Simeon’s background is in software engineering. He spent most of his career working with engineers and scientists, building tools to make them more efficient and more effective in what they do. He helps take scientific and engineering innovations and turn them into commercial products.
WHAT IS APACHE SPARK?
It’s a framework for Big Data applications, and that means different things to different people.
For some, it’s a data engineering tool used for processing large volumes of data on a regular schedule. For others, it’s an analysis tool for interactive exploration of data.
It’s horizontally scalable because it uses a construct that allows you to take the work on your laptop and deploy it to a larger compute infrastructure, such as a cluster.
Is this the concept of distributed databases?
It talks to distributed databases, but this is distributed computation.
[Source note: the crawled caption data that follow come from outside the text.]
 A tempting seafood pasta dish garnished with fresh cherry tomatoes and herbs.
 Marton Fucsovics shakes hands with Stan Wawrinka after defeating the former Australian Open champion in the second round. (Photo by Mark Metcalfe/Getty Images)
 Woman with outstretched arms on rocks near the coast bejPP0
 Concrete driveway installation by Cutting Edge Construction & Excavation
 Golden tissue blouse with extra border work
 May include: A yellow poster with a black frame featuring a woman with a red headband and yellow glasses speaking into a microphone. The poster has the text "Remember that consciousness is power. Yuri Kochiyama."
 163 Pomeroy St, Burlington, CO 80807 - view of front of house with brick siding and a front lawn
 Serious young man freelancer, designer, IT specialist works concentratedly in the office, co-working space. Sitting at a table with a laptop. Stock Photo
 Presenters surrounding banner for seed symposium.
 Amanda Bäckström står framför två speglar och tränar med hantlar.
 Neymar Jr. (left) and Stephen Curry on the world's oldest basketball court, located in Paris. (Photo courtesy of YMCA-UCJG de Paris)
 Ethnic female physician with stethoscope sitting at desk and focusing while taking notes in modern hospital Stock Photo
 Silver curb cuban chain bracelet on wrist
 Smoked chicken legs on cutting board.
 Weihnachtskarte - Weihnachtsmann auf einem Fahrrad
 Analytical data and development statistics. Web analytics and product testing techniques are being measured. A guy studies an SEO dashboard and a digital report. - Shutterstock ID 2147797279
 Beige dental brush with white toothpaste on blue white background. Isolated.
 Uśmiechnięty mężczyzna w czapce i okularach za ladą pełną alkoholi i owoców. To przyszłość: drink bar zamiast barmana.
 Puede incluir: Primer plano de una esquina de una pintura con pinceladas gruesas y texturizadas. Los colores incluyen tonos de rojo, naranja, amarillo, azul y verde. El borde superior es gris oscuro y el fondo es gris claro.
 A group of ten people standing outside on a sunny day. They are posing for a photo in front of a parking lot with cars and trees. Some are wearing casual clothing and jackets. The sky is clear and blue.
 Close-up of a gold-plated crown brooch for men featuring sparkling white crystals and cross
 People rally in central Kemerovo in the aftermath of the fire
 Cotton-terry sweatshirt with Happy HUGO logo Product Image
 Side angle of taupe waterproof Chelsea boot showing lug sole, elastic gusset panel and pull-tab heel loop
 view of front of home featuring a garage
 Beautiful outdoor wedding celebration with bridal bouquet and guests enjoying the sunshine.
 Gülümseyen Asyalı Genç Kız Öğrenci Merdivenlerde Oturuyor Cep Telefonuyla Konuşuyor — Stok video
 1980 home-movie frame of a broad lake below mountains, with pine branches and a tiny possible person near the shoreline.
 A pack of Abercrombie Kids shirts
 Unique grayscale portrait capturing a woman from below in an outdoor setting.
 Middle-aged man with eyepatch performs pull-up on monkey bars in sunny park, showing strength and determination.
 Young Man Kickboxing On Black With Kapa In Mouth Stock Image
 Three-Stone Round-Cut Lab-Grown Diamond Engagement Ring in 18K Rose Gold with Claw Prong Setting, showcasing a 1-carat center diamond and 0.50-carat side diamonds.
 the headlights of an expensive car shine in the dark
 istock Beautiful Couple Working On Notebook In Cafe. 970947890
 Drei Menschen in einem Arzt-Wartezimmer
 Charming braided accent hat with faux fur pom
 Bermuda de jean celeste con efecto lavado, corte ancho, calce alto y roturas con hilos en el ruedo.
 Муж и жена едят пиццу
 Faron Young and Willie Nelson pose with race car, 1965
Imagine taking the work you’re doing on your laptop with a small amount of data. Now try the same operation with data that won’t fit into your computer. Apache Spark can do that without reconstructing or reformatting how you’ve expressed your computation.
Say you wanted to count words in a document. You’d probably do it with some software locally on your laptop.
What if you wanted to count all the words in Wikipedia and monitor the number of word changes over time? That will be a larger compute job for your computer, and Apache Spark harnesses the power of larger compute infrastructures without you having to be an expert in distributed computing.
You don’t have to rethink your logic for the programming you’ve done or the algorithms you’ve created. Pass everything over to Apache Spark. It’ll figure out and transform what you have into how it should be in a massively parallel environment.
That’s why Apache Spark was chosen as the foundation for RasterFrames. It’s a tool for people who wouldn’t usually have access to an engineering team to restructure their analyses into a cluster environment. Apache Spark provides APIs that are both friendly to data engineers and “generic” analysts.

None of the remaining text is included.